Abby: I remember my very first practice with the National Team…. I was playing with legends. It felt like I was a rec league player. That is how that moment felt. Like, I do not belong here. Why am I here? This is absurd. What's going on?

…. The mark of somebody who can make it the distance is somebody who can handle those moments over, and over, and over, and over, and over again because truly, there is no end. People are like, "Oh, you were a veteran of the National Team for so long." I'm like, "Yeah, but I was still training every single day to be a starter." That level, the standard, never goes down. You're always pushing, you're always trying to be better than you were the day before.

…. But at the end of the day, I remember that time really fondly because that was a self-defining moment. Like, how am I going to embrace these moments of needing to level up?

On Leading From The Bench

Carly: I'm thinking about when you were benched for the 2015 World Cup. You write about that experience a lot in your book, "WOLFPACK." Walk us through it. Why were you benched? What was that like?

Abby: So this is 2015. I'm 35 at the time. I know that this is gonna be my last World Championship with the United States. And I had yet to win a World Cup…. And so this conversation with the coaching staff is like, "Okay, we want you on the field at the end of the game. If we need to push for a goal, we need you in top form. And if we need to hold a lead, we want you on the field. And in order for us to make sure you can be in the game at the end, we're going to have to bring you off the bench, right?” 

…. I remember being in my hotel room that night.

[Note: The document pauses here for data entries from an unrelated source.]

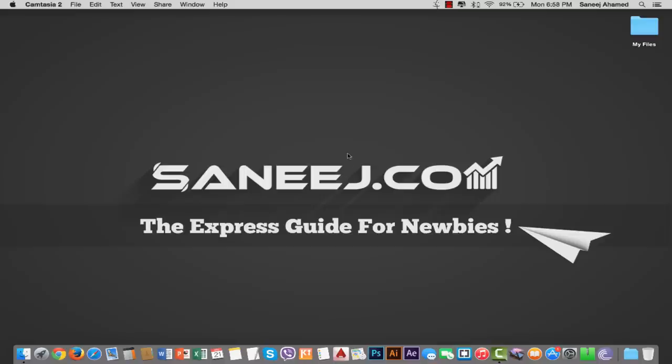Hi guys, welcome to this quick fix tutorial. Today I'm going to tell you how to fix a dancing or jumping cursor in your MacBook Pro.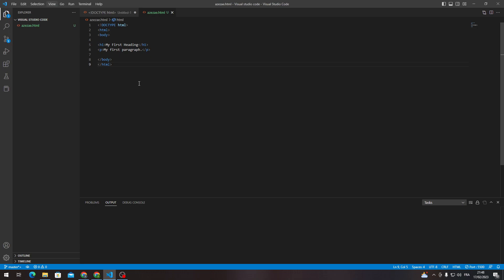So guys, that's how you can use Go to Definition in Visual Studio Code. Thank you guys for watching and see you in the next tutorial.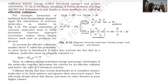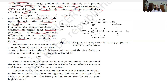It also depends upon the orientation of the reactant molecules. Proper orientation of the reactant molecules leads to bond formation, whereas improper orientation makes them simply bounce back and no products are formed.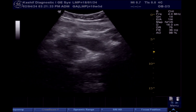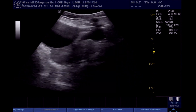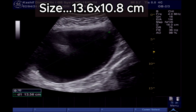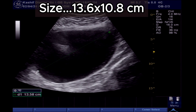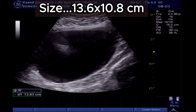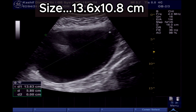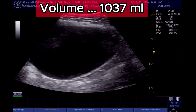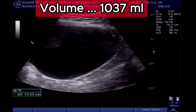The large cystic area is an ovarian cyst. This is huge, measuring 13.6 x 10.8 cm in size. Its volume is over 1000 ml.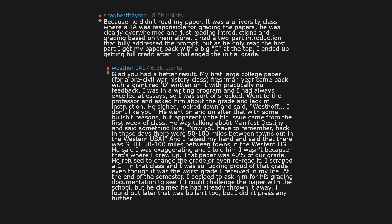Because he didn't read my paper. It was a university class where a TA was responsible for grading the papers. He was clearly overwhelmed and just reading introductions and grading based on them alone. I had a two part introduction that fully addressed the prompt, but as he only read the first part, I got my paper back with a big C at the top. I ended up getting full credit after I challenged the initial grade.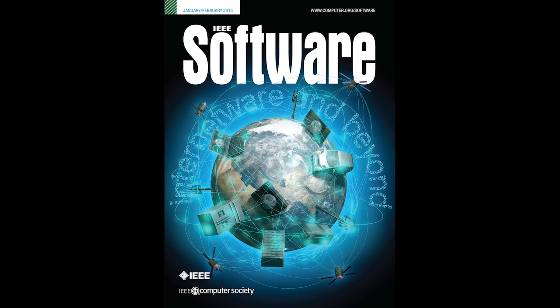Okay, so thank you very much, Tao Xie, Hong Mei, and Antonia Bertolino, for presenting and introducing the upcoming January and February special issue on software engineering for internet computing, internetware and beyond. I am very looking forward to reading it.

The game was the next day. And just really considering, because I had two options here, that I could become a good teammate, or I could become a bad teammate. I could have stood in that ego and been like, "You know what? I am good enough. And I do deserve to start." I didn't see us winning down that option…. Of course, you know, I decided to be a good teammate.

When I decide something, I decide I'm gonna become the best at it. So I decided I was gonna become the best bench player that ever played the bench in the whole wide world…. Because if you're not a good leader on the bench, you cannot call yourself a good leader on the field.